Sun Ra Arkestra Announce New LP ‘Living Sky’

Photo Credit: Vladimir Radojicic

Sun Ra Arkestra has announced Living Sky, their new album, out October 7th on Omni Sound, and in conjunction share its lead single, “Somebody Else’s Idea.” For more than two decades, the disciple that has most visibly carried on Sun Ra Arkestra’s legacy and sound is their musical director, alto saxophonist Marshall Allen, the iconic fire breather and life force that restored the Arkestra’s vitality in the massive vacuum left by Ra and John Gilmore’s death in the ‘90s. Allen turned 98 in 2022 and, as evidenced by Living Sky, his influence and leadership remain undiminished.
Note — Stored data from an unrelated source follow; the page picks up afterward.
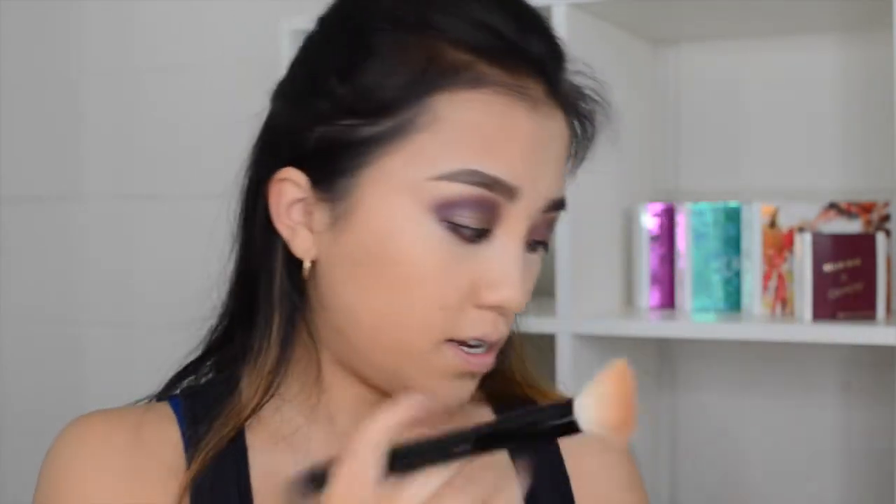So I'm going to go in with the Benefit Hoola Bronzer first and just bronze my face and slowly contour with this, and then I'll go over with the Anastasia Contour Kit. Seriously you guys, I'm almost hitting pan on this — I showed you guys this in my June Favorites and it's driving me nuts because I have to go buy a new one. And I don't want to yet because I've been spending so much money at Ulta.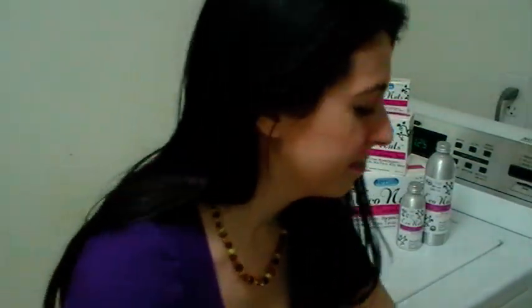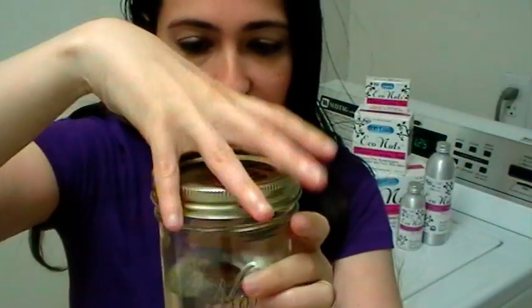Okay, so while these are in the machine, I'm going to show you what's going on. This represents the water inside your washing machine. We're going to use one of these Eco Nuts soap nuts to show you what they do in the water. I'll put this in and cap it so there's not water going everywhere.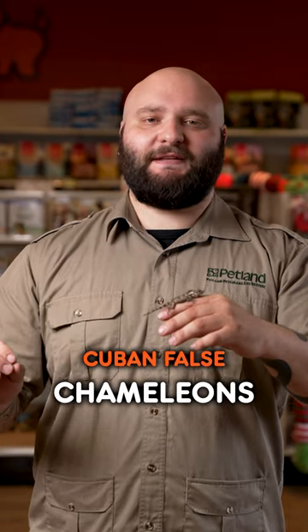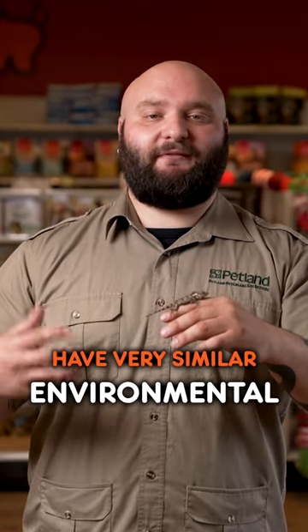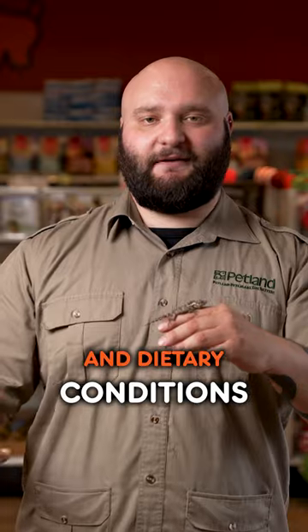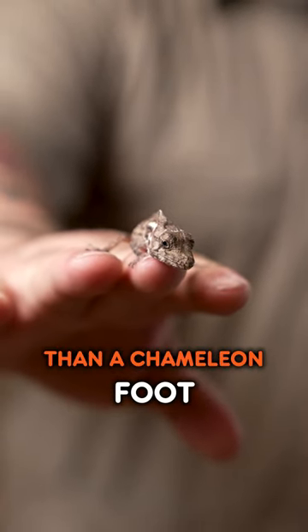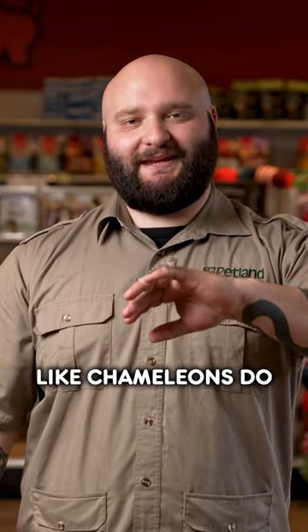These guys are called Cuban false chameleons because they look identical to chameleons and have very similar environmental and dietary conditions. But the only differences are they have more of an anole foot than a chameleon foot, and they don't change their skin pigmentation like chameleons do.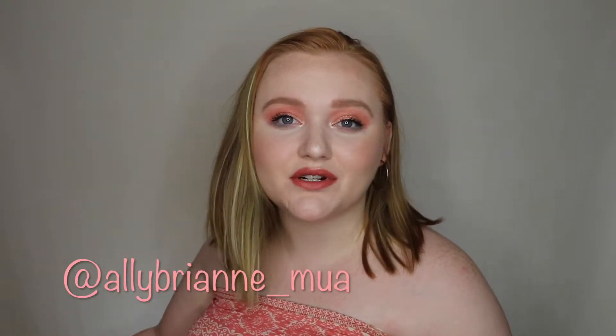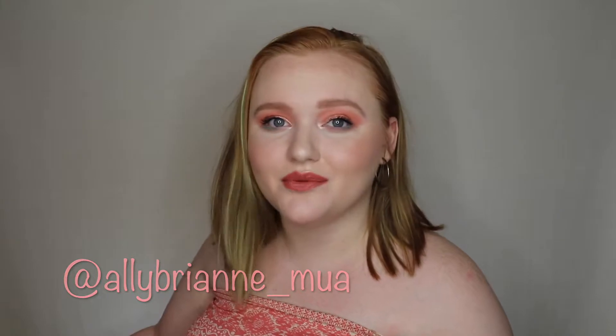Hey guys, welcome back to my channel! If you're new here, hi, I'm Ally — make sure you go subscribe and become a part of my YouTube family. Also go check out my Instagram because I'm currently doing 100 days of makeup. So today I have my FabFitFun — this is my Spring 2019 box and I'm super excited to finally unbox this for you guys.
Marking the Arkestra’s first new recording since their 2021 Grammy-nominated album Swirling, Living Sky was recorded on June 15, 2021 at Rittenhouse SoundWorks in Philadelphia and features a total of nineteen musicians, including a strings section. It was mixed and mastered by three-time Grammy winner Dave Darlington (Eddie Palmieri, Brian Lynch, Wayne Shorter).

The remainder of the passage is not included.